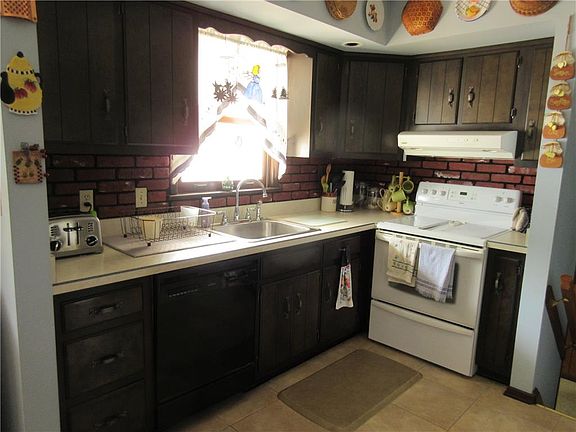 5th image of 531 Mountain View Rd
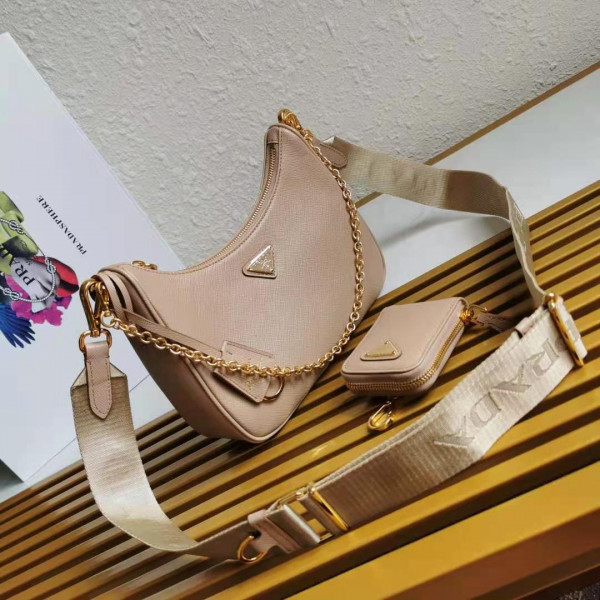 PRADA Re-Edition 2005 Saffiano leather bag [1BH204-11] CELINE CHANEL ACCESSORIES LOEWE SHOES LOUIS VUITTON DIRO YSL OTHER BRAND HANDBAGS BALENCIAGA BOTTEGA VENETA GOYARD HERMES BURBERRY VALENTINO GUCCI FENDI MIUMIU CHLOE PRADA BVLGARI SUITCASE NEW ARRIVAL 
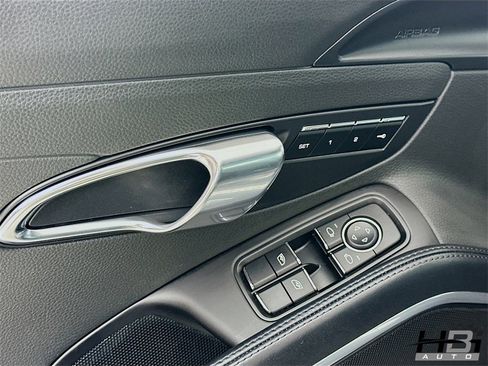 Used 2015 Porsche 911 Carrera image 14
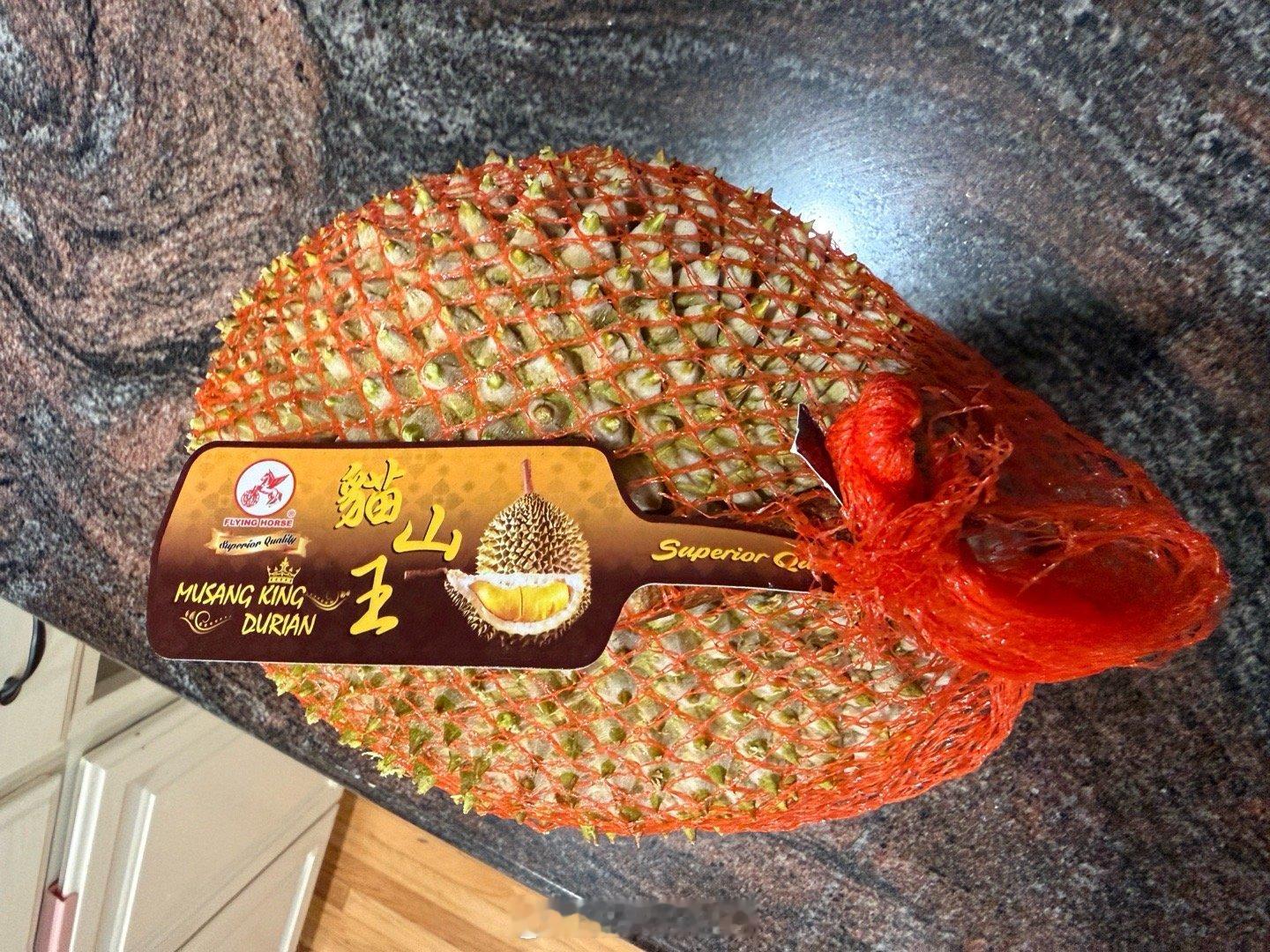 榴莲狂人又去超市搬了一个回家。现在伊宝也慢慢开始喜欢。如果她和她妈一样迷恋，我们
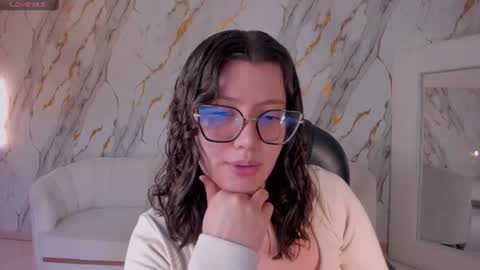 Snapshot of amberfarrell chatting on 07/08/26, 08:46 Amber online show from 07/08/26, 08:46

Aim of the task.
Each record above must be retyped exactly. Omit the pictures.

Expected output.
 5th image of 531 Mountain View Rd
 PRADA Re-Edition 2005 Saffiano leather bag [1BH204-11] CELINE CHANEL ACCESSORIES LOEWE SHOES LOUIS VUITTON DIRO YSL OTHER BRAND HANDBAGS BALENCIAGA BOTTEGA VENETA GOYARD HERMES BURBERRY VALENTINO GUCCI FENDI MIUMIU CHLOE PRADA BVLGARI SUITCASE NEW ARRIVAL 
 Used 2015 Porsche 911 Carrera image 14
 榴莲狂人又去超市搬了一个回家。现在伊宝也慢慢开始喜欢。如果她和她妈一样迷恋，我们
 Snapshot of amberfarrell chatting on 07/08/26, 08:46 Amber online show from 07/08/26, 08:46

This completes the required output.